LambdaでS3上に保管したJSON形式の設定ファイルを一括更新する手順の覚え書きです。
要件
- ロボットの設定ファイルを一括更新する
- 設定ファイルの要素は全ファイル同じ
- 要素の増減について、バージョン管理するものとする
- 処理は手動実行のため、コンソールでログが見られれば問題ない
イメージ
イメージは以下の通り
Version 1.0.0のCountry要素の後ろにRegion要素を空白で追加し、Version 1.1.0に更新する場合
手順
1. S3バケットとフォルダの作成
まず、S3設定ファイルを保管するバケットとフォルダ(厳密にはオブジェクト)を作成します。
S3バケットの構成は以下の通りで、settingsフォルダ下に設定ファイルを配置する構成。同階層にbackupフォルダも作成し、更新前にバックアップをとることとします。
bucket
|
|--- settings
|--- backup
|--- xxx.json
|--- yyy.json
|--- zzz.json
|--- :
|--- :
(1) S3にアクセスして、「バケットを作成」をクリック
(2) バケット名を入力し(①)、「バケットを作成」をクリック(②)
(3) 次にsettingsフォルダを作成します。
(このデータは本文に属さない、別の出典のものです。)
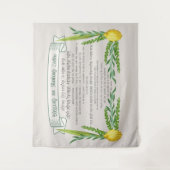 Sukkot Hebrew Segen für das Schütteln Lulav Sukkka Wandteppich (Vorderseite)
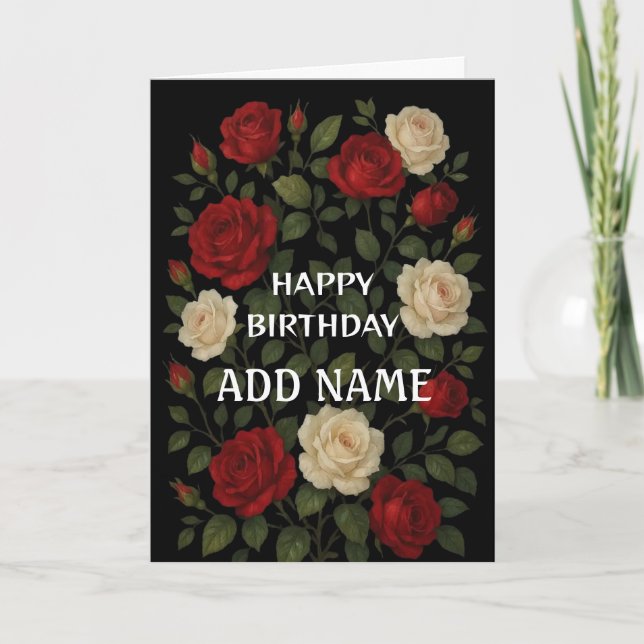Carte de Bonne Anniversaire aux Roses Grimpantes E (Devant)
バケット一覧にて、作成したバケットをクリック
(4) バケット配下に移動したら、「フォルダの作成」をクリック
(5) フォルダの作成ページに移動したら、フォルダ名(settings)を入力し(①)、「フォルダの作成」をクリック(②)
(6) 続いて、backアップフォルダを作成します。settingsフォルダ直下まで移動した後、「フォルダの作成」をクリック
(7) フォルダの作成ページに移動したら、フォルダ名(backup)を入力し(①)、「フォルダの作成」をクリック(②)
(8) 次のステップで使用するので、バケット名を控えておいてください。
※なお、本記事で作成したバケットは既に削除済です。
2. IAMポリシーとIAMロールの作成
続いて、LambdaがS3を操作するために必要なIAMポリシーとIAMロールの作成を行います。
(1) IAMに移動し、「ポリシー」をクリック(①)、画面遷移したら、「ポリシーの作成」をクリック(②)
(2) 「アクセス許可を指定」に遷移したら、サービス(①)、アクセスレベル(②)、リソース(③)に以下の通り入力 or 選択し(※1)、「次へ」をクリック
※1: サービス、アクセスレベル、リソースの入力
No | 項目名 | 入力 or 選択内容 | 意味 |
---|---|---|---|
① | サービス | S3 | |
② | アクセスレベル(リスト) | ListBucket | オブジェクト一覧の取得 |
② | アクセスレベル(読み取り) | GetObject | オブジェクトの内容を取得 |
② | アクセスレベル(書き込み) | PutObject | オブジェクトの作成/更新 |
③ | リソース(特定/bucket) | 対象バケットのARN | 指定バケットを対象とする |
③ | リソース(特定/object) | 対象バケットのARN/settings | 指定バケットのsettingsフォルダを対象とする |
③ | リソース(特定/object) | 対象バケットのARN/settings/*(※2) | 対象バケットのsettingsフォルダ下のオブジェクトを対象とする |
→ 最低限必要な権限にしています。
※2: リソース(特定/object)に関しては、少し入力に癖があったので、編集画面のキャプチャも載せておきます
No | 項目名 | 入力内容 | 備考 |
---|---|---|---|
① | Resource bucket name | バケット名/settings | 「バケット名」には手順1で作成したバケット名 |
② | Resource object name | * | 「任意のobject name」にチェックで自動入力される |
③ | リソースARN | 対象バケットのARN/settings/* | ①, ②入力で自動入力される |
ちなみに、JSON形式にすると、以下の通り。
{
"Version": "2012-10-17",
"Statement": [
{
"Sid": "VisualEditor0",
"Effect": "Allow",
"Action": [
"s3:PutObject",
"s3:GetObject",
"s3:ListBucket"
],
"Resource": [
"arn:aws:s3:::my-test-bucket-20231110/settings/*",
"arn:aws:s3:::my-test-bucket-20231110/settings",
"arn:aws:s3:::my-test-bucket-20231110"
]
}
]
}
(3) ポリシー名に名称を入力し(①)、説明欄に説明を入力(②: 任意)したら(②)、「ポリシーの作成」をクリック(①)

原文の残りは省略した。